> ACTION ITEM
Copy exactly, no pictures: every line from the one that contains "[PDF Download] Culture" through the end of the entries below.

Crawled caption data

-=-=-

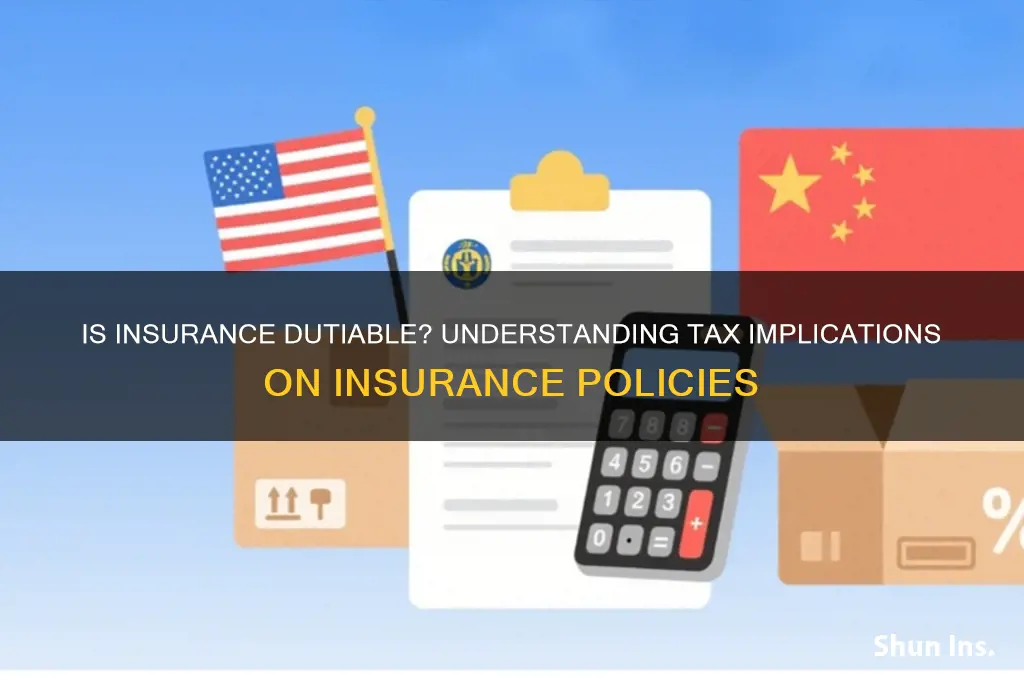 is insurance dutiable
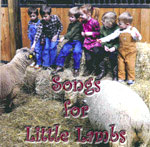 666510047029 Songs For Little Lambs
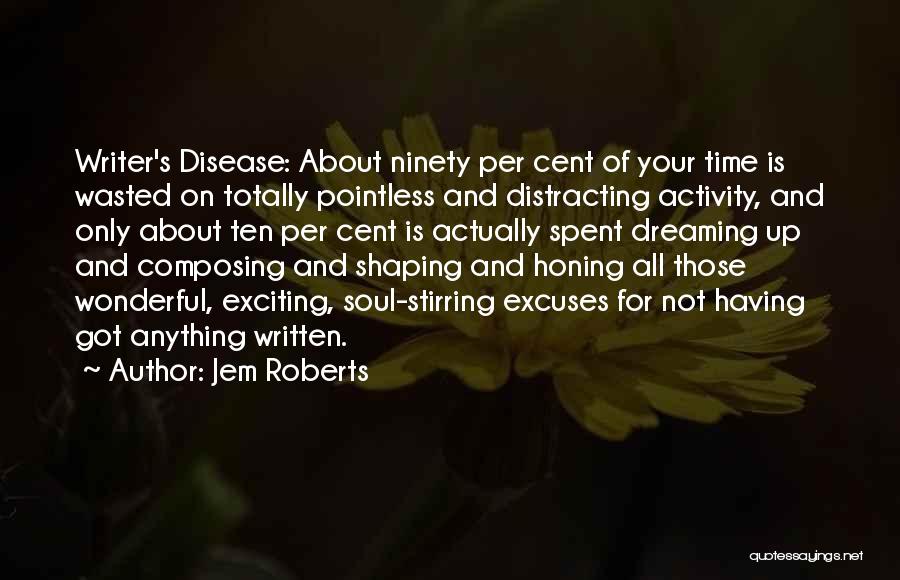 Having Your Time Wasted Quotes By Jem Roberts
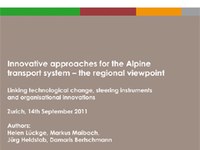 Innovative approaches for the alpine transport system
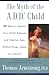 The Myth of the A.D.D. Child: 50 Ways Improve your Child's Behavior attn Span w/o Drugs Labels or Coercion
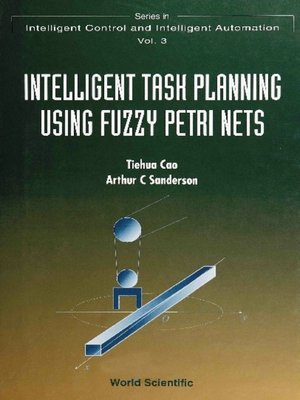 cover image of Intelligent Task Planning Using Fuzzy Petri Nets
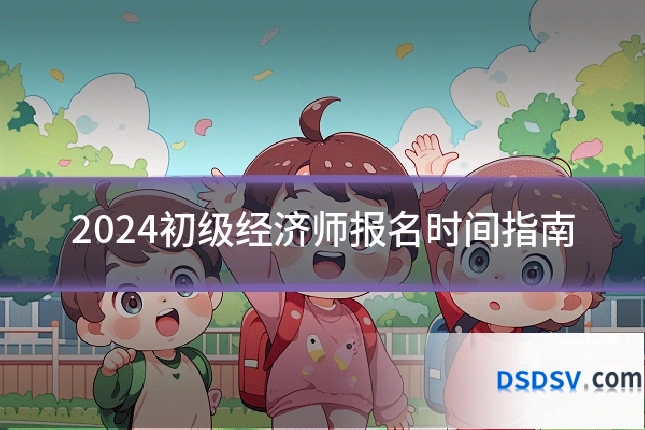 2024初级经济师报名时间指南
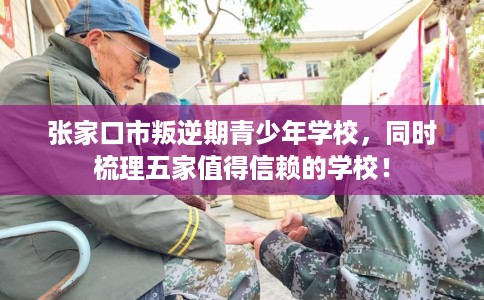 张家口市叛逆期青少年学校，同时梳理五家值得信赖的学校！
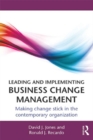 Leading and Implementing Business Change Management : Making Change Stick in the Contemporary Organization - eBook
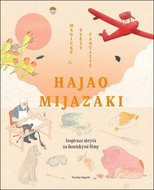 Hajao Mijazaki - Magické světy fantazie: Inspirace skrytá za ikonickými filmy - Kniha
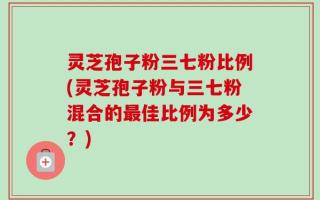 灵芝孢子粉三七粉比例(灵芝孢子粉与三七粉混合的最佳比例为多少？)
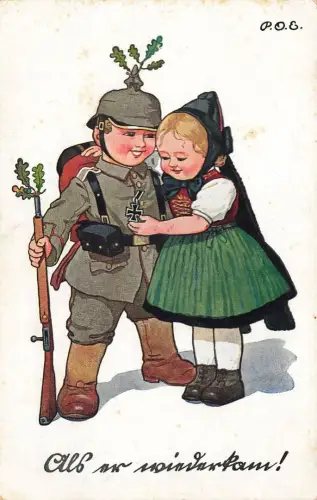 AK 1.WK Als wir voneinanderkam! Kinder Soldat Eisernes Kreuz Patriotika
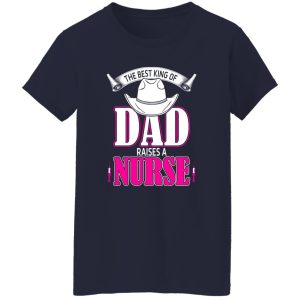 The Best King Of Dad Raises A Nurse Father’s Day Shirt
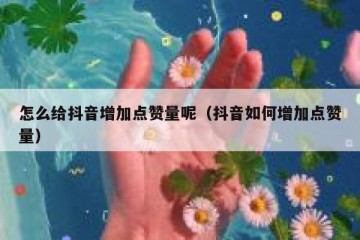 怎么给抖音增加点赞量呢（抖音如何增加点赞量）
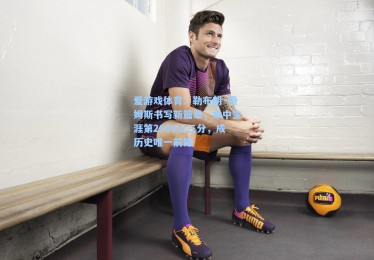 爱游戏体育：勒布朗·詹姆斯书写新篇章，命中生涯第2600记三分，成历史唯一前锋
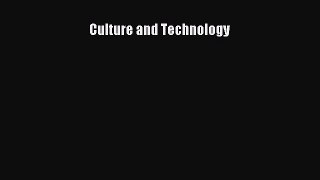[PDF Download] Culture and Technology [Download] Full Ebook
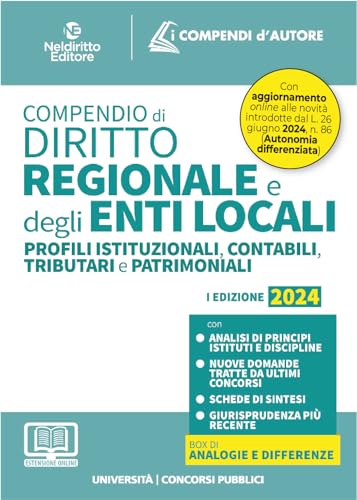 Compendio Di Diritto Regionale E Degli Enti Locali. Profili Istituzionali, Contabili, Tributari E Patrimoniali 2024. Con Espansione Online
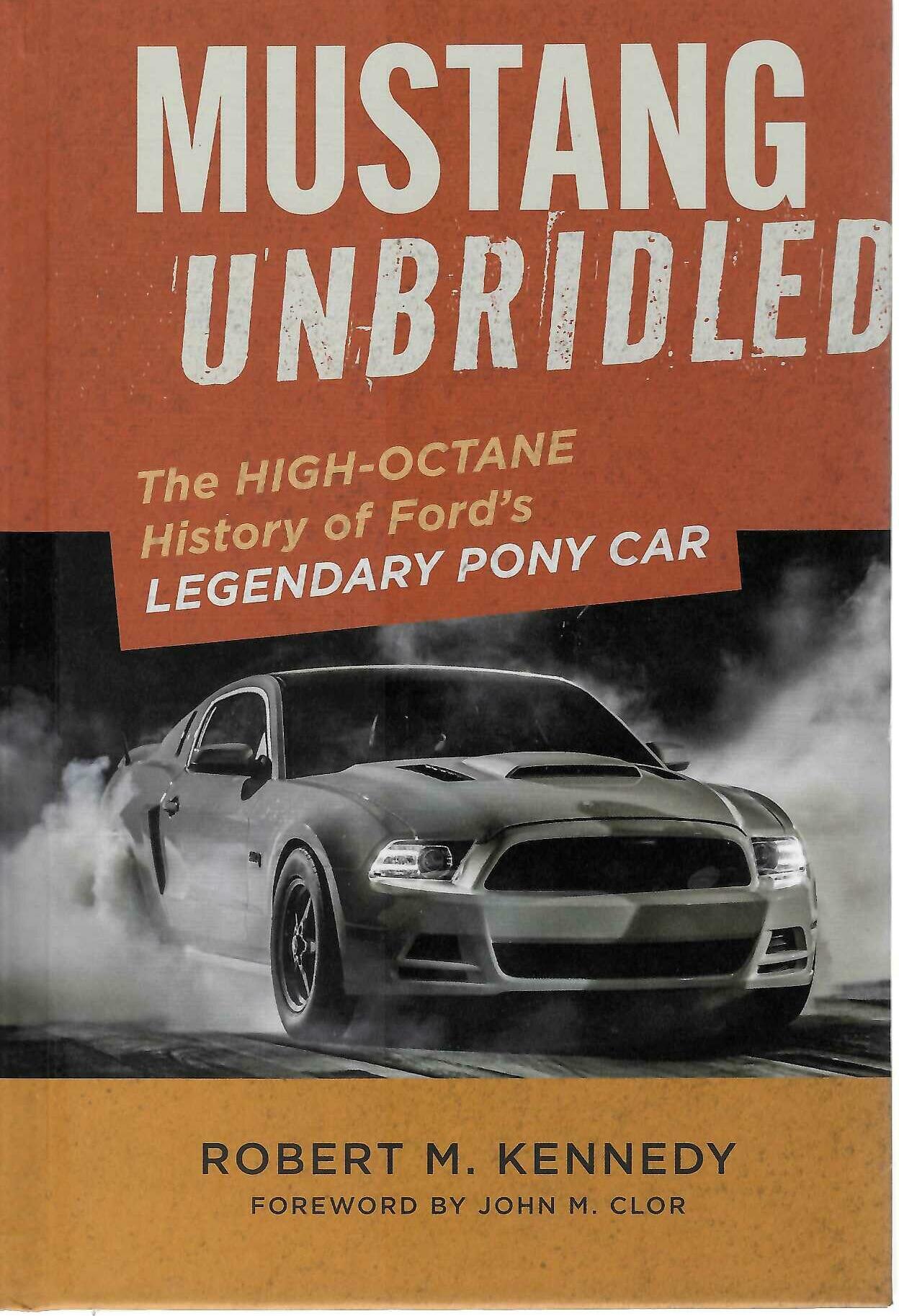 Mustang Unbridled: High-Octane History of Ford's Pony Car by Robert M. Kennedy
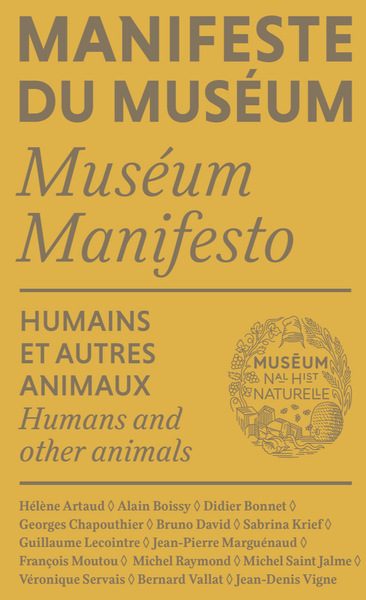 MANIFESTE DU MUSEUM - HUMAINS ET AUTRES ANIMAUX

-=-=-

> SOLUTION FOR THIS PROBLEM
[PDF Download] Culture and Technology [Download] Full Ebook
 Compendio Di Diritto Regionale E Degli Enti Locali. Profili Istituzionali, Contabili, Tributari E Patrimoniali 2024. Con Espansione Online
 Mustang Unbridled: High-Octane History of Ford's Pony Car by Robert M. Kennedy
 MANIFESTE DU MUSEUM - HUMAINS ET AUTRES ANIMAUX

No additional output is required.